There is also a cultural legacy. Photos of the 1926 Berlin three-decker circulate online as curiosities. They remind people that cities have tried strange things before. When someone proposes a radical new transit gadget today, from double-height pods to elevated bus tunnels, planners can point to the three-decker and say: we have been here. We know that some ideas look efficient on paper but fail on the street.
So the three-decker’s legacy is negative but useful. It is a historical warning that not every bigger, taller, flashier bus is a step forward. That memory helped push later generations toward more balanced solutions like modern double-deckers, articulated buses, and BRT corridors.
Why does a 1926 Berlin bus matter to today’s cities?
At first glance, the 1926 three-decker bus is just a quirky photo from Weimar Berlin. A relic from a city that tried everything once. But the questions behind it are the same ones cities face now.
How do you move more people without rebuilding every street? Do you invest in a few giant vehicles or in many smaller ones that move faster? Do you chase eye-catching hardware or quieter system changes that add up?
The three-decker answered those questions badly, which is why it vanished. Modern double-deckers, articulated buses, and BRT answered them better, which is why they are everywhere. They show that the real gains come from boarding speed, reliability, and network design, not just from stacking another floor on top.
So when you look at that 1926 Berlin photo and think, “Why did they do that?”, the answer is simple. They were trying to solve the same capacity problem your city is arguing about today. Their failure helped clear the way for the bus systems that actually work.
Frequently Asked Questions
Did Berlin really have three-decker buses in the 1920s?
Yes. In 1926 Berlin tested at least one three-decker bus as an experiment to increase capacity on crowded routes. It never went into large-scale service and was quickly abandoned in favor of more practical double-decker and standard buses.
Why did three-decker buses fail in Berlin?
They were top-heavy, slow to load and unload, and awkward to operate on narrow, busy streets. Safety concerns, long boarding times, and maintenance headaches outweighed the extra capacity, so Berlin’s transit operator dropped the idea.
How are modern double-decker buses different from the 1926 three-decker?

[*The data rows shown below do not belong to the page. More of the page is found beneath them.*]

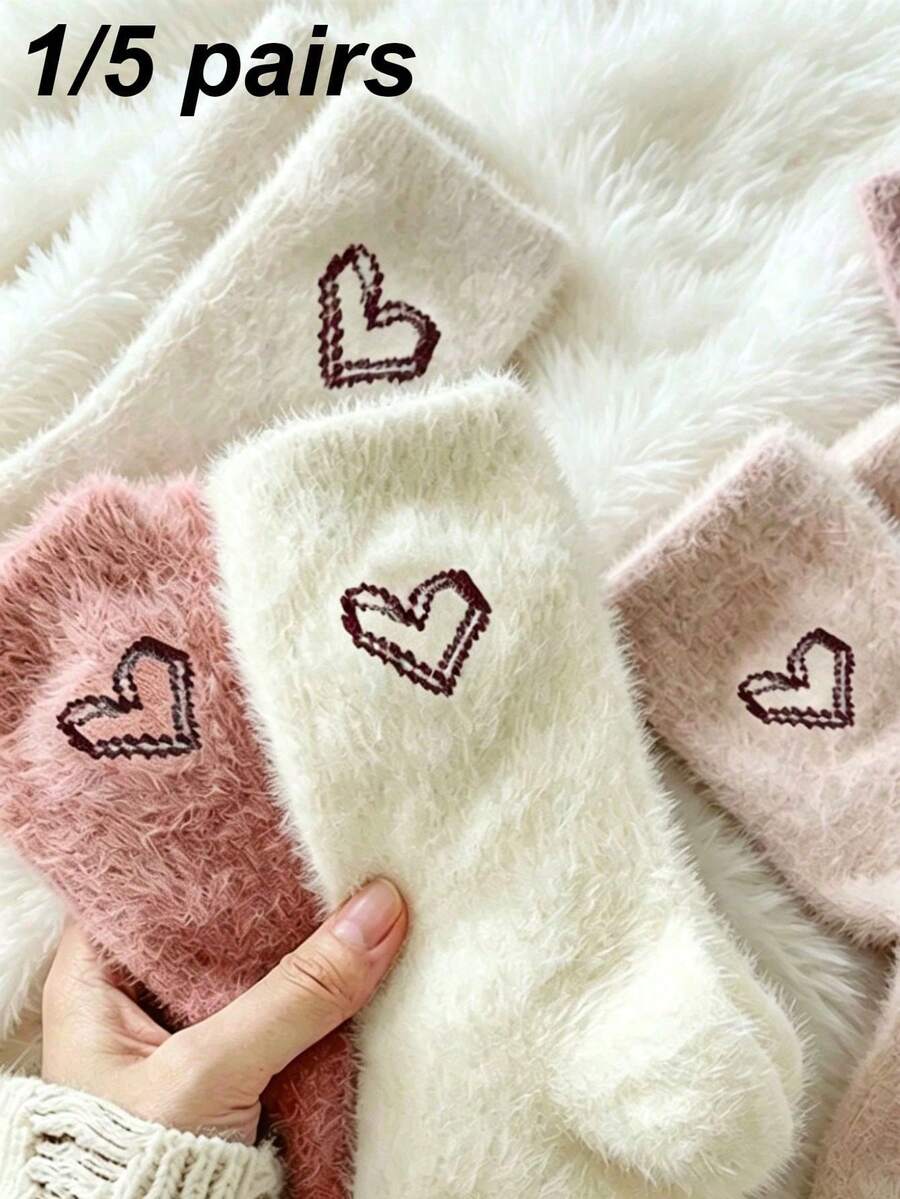 1/5 Pairs Women's Comfortable Heart Plush Socks, Soft Fluffy Warm Mid-Calf Socks, Suitable For Winter, Casual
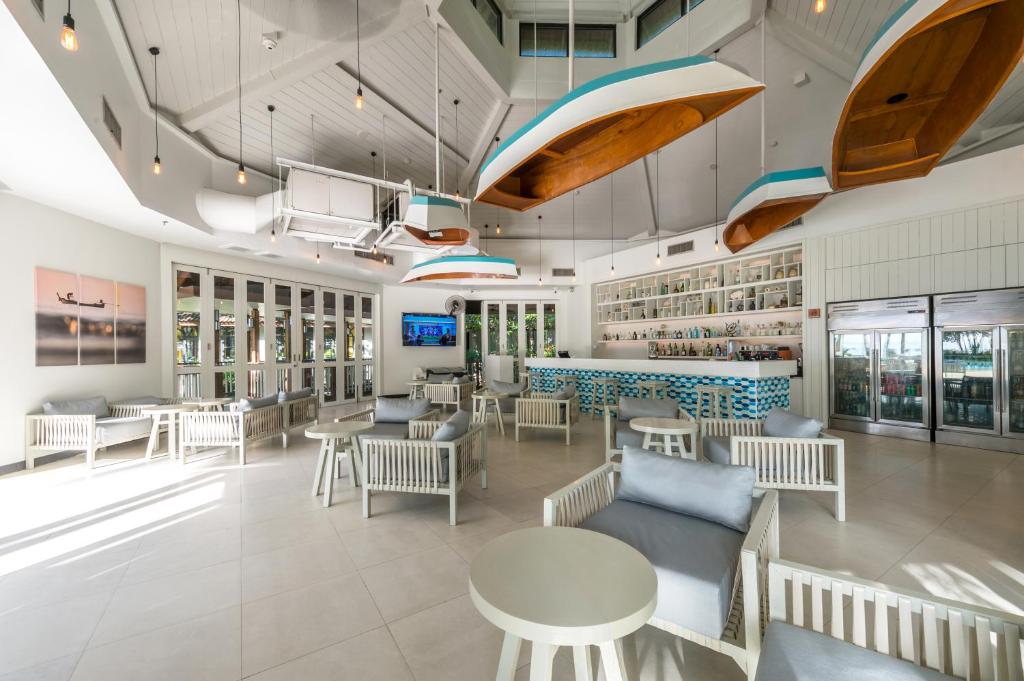 Long 21 Nights of Opulence in Beyond Khao Lak, Centara Kata Phuket & Dusit Thani Krabi w/flights & transfers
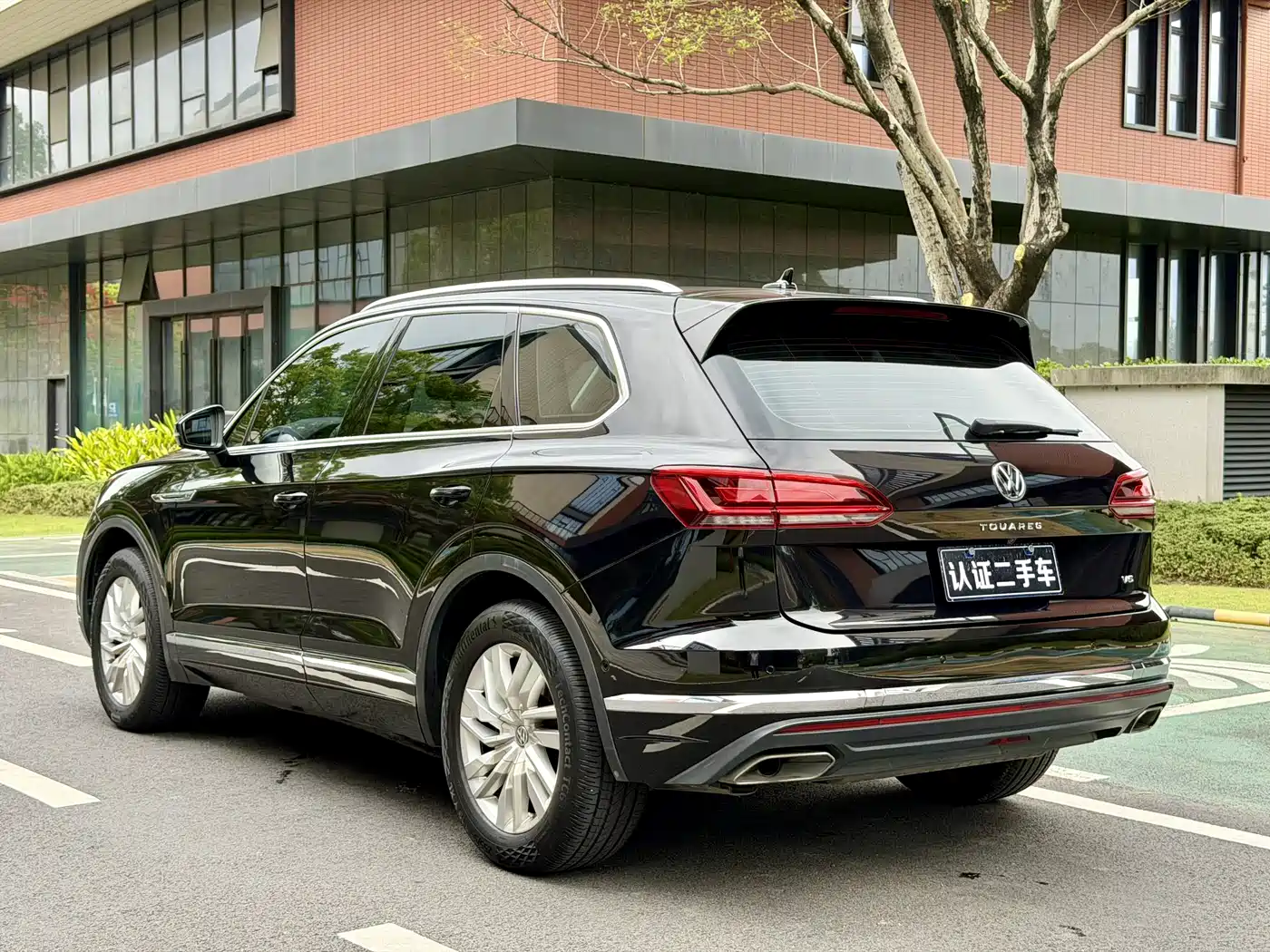 Volkswagen Touareg 2019 2.0TSI Sharp Wing Edition China VI фото 8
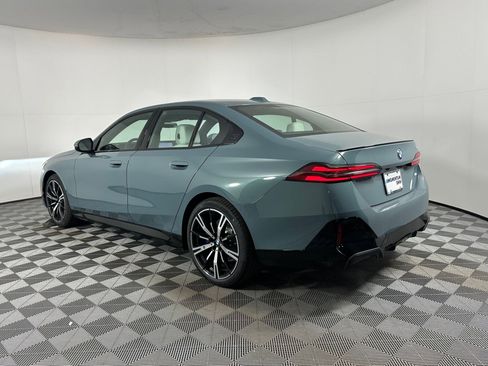 Used 2026 BMW 530i w/ M Sport Package image 3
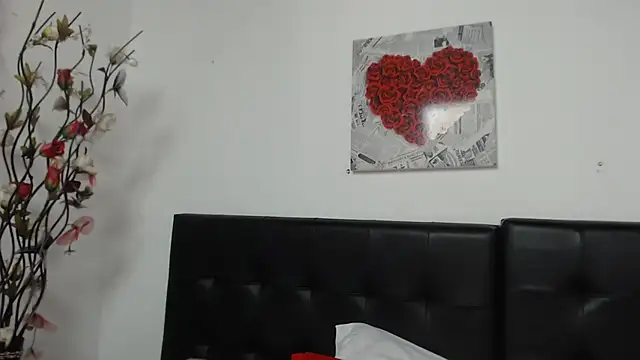 Snapshot of Angelinna_Milf chatting on January 16, 2025, 7:10 pm Angelinna Milf online show from January 16, 2025, 7:10 pm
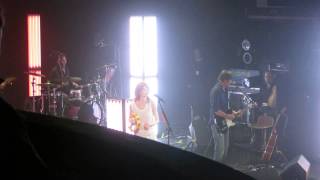 Watch Axelle Red Jure video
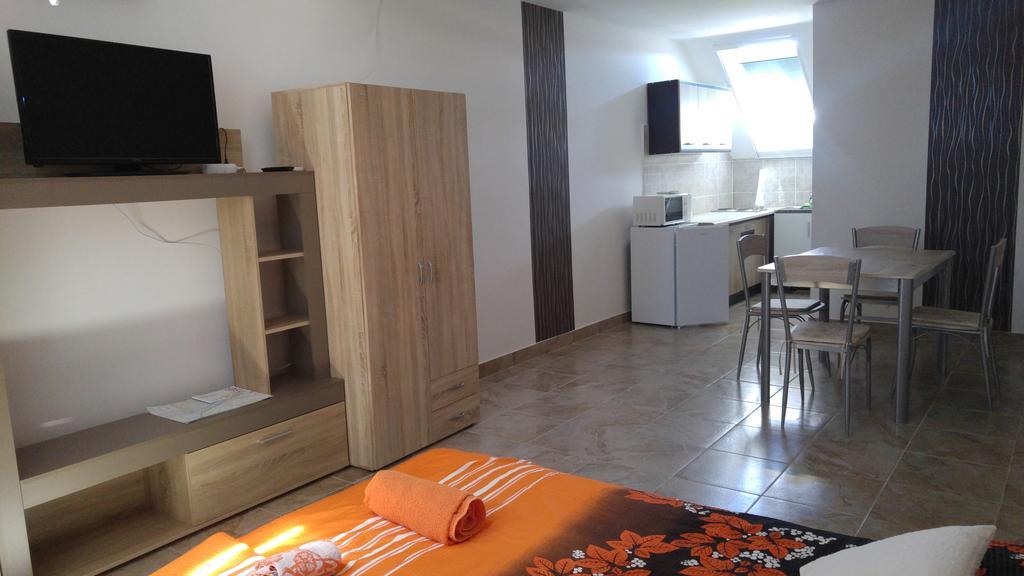 Vasti Apartman Siofok Exterior photo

Modern double-deckers use low-floor designs, better brakes, electronic stability systems, and more efficient boarding with wide doors and contactless payment. They are tall but not excessively so, with safer proportions and better integration into transit networks.
What replaced the idea of three-decker buses for high capacity?
Cities turned to a mix of double-decker buses, articulated buses, and bus rapid transit (BRT) systems. These focus on faster boarding, dedicated lanes, and higher service frequency instead of simply adding more vertical decks to a single vehicle.